D'un autre côté, « les jeunes se font souvent une fausse idée de ce qu'est la cybersécurité et n'en réalisent pas la portée », explique Aryeh Goretsky. Les jeunes peuvent trouver attrayante l'image d'un prototype de pirate informatique attaquant des ordinateurs et acquérant gloire et argent, mais il faut aussi expliquer ce que fait la cybersécurité. « Je pense qu'il y a un manque général de sensibilisation, car la défense des réseaux et des équipements contre une attaque est souvent une tâche plus difficile et plus intense que l'attaque de ces réseaux et ordinateurs. Cependant, ce que les médias et l'industrie du divertissement transmettent est une image biaisée et idéalisée de l'agresseur et non de ceux qui travaillent du côté de la défense, ce qui déforme la vision de ce qu'est la cybersécurité, » dit-il.

La sécurité à la conception : un problème de formation?

A la question de savoir s'ils considèrent que les contenus de sécurité vus au cours du processus de formation par les futurs programmeurs et/ou développeurs sont suffisants pour que les professionnels, lorsqu'ils feront le saut sur le marché du travail, soient capables de fournir des systèmes sécurisés, Marc Etienne répond que « le développement sécurisé est très bien enseigné aujourd'hui. Le problème est que les développeurs ont besoin d'être incités à appliquer ce qu'ils ont appris. Les problèmes de sécurité dans le code doivent être détectés pendant l'examen du code et doivent être résolus avant d'être inclus dans le projet. Si les développeurs constatent que leur code est toujours rejeté, ils seront plus attentifs et développeront des réflexes appropriés ».

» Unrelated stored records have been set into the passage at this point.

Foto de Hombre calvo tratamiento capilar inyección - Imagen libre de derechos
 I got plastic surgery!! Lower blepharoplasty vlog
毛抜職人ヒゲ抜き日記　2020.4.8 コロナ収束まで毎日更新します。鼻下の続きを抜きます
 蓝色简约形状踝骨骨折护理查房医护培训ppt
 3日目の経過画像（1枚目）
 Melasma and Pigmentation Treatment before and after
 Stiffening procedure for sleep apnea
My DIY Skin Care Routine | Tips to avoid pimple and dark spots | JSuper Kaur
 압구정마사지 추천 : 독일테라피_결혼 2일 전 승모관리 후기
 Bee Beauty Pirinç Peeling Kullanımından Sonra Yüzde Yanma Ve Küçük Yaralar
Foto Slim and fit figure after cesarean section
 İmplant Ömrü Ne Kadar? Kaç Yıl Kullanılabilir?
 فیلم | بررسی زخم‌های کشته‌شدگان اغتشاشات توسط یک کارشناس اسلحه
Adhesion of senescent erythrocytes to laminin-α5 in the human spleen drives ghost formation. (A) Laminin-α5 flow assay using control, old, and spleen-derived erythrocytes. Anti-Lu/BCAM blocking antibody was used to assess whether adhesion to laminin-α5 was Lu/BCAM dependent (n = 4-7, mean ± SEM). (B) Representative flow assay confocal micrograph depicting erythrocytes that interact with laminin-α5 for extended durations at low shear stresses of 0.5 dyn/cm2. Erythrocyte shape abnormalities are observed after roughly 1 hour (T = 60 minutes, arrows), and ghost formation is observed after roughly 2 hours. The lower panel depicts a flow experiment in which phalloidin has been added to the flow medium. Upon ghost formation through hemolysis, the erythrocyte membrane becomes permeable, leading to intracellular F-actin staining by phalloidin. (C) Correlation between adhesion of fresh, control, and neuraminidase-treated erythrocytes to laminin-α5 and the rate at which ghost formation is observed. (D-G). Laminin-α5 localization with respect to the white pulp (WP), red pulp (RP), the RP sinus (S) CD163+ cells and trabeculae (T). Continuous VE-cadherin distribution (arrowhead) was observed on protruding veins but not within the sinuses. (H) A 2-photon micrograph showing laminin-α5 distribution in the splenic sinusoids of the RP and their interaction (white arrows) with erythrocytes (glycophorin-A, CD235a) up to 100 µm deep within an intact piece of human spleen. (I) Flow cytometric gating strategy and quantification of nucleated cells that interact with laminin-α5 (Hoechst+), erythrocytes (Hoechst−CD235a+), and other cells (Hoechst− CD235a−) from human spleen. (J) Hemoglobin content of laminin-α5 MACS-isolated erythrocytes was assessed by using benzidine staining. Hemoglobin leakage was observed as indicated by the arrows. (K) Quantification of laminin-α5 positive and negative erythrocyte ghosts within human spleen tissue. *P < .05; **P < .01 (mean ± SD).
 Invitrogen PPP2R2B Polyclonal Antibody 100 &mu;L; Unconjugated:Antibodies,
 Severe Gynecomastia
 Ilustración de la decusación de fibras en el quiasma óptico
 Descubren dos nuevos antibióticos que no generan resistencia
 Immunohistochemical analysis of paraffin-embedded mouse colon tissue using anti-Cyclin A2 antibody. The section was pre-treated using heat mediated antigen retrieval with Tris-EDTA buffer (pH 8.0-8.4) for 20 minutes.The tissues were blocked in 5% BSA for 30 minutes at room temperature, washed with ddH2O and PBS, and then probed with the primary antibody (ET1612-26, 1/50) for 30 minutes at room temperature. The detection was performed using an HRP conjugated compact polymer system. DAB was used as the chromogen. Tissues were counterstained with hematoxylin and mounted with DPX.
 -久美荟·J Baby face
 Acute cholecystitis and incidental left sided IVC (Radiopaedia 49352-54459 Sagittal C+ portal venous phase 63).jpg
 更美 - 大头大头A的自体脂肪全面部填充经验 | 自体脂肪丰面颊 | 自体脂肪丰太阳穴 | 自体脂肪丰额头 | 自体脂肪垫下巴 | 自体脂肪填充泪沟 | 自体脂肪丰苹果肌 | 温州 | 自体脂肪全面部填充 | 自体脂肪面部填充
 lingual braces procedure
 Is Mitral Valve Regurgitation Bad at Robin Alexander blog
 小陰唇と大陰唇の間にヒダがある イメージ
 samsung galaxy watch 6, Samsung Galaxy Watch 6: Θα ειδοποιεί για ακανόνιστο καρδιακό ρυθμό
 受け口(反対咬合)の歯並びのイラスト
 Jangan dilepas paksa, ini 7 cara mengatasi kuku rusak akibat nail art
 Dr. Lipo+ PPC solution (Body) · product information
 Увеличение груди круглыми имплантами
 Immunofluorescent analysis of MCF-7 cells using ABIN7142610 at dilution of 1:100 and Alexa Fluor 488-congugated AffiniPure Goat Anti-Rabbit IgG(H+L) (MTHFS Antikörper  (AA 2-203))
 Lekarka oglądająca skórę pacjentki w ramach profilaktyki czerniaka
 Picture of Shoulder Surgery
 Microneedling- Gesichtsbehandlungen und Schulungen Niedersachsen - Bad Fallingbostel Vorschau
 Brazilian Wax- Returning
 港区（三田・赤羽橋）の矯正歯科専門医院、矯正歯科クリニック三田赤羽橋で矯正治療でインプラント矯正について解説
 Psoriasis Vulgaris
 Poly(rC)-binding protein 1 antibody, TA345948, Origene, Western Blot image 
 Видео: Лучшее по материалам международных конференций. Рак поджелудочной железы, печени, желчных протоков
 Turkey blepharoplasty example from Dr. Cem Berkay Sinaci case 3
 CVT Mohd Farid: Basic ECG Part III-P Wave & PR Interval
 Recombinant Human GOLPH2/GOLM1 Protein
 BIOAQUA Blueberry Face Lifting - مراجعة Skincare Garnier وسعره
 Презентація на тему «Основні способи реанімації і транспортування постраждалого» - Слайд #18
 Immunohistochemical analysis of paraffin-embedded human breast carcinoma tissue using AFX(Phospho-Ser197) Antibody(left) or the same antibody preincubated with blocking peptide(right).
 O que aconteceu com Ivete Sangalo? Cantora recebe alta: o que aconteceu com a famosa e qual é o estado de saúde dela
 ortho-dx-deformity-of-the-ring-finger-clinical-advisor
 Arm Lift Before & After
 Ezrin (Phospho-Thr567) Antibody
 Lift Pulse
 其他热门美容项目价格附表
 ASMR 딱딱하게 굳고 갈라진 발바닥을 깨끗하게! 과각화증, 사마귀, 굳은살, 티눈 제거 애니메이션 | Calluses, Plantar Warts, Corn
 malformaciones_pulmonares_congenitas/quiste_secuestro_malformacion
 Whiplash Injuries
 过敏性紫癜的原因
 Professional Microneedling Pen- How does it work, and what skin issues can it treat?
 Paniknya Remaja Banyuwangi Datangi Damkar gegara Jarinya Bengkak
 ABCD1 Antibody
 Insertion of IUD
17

Le développement des professionnels dans le domaine de la sécurité informatique doit être constant en raison de l'évolution continue des menaces. Bien qu'il existe actuellement de nombreuses options pour développer des compétences suffisantes dans ce domaine, telles que des carrières, des spécialisations, des certifications et même des cours et du matériel disponibles pour étudier de façon autonome, il est clair qu'il n'existe pas de solution unique.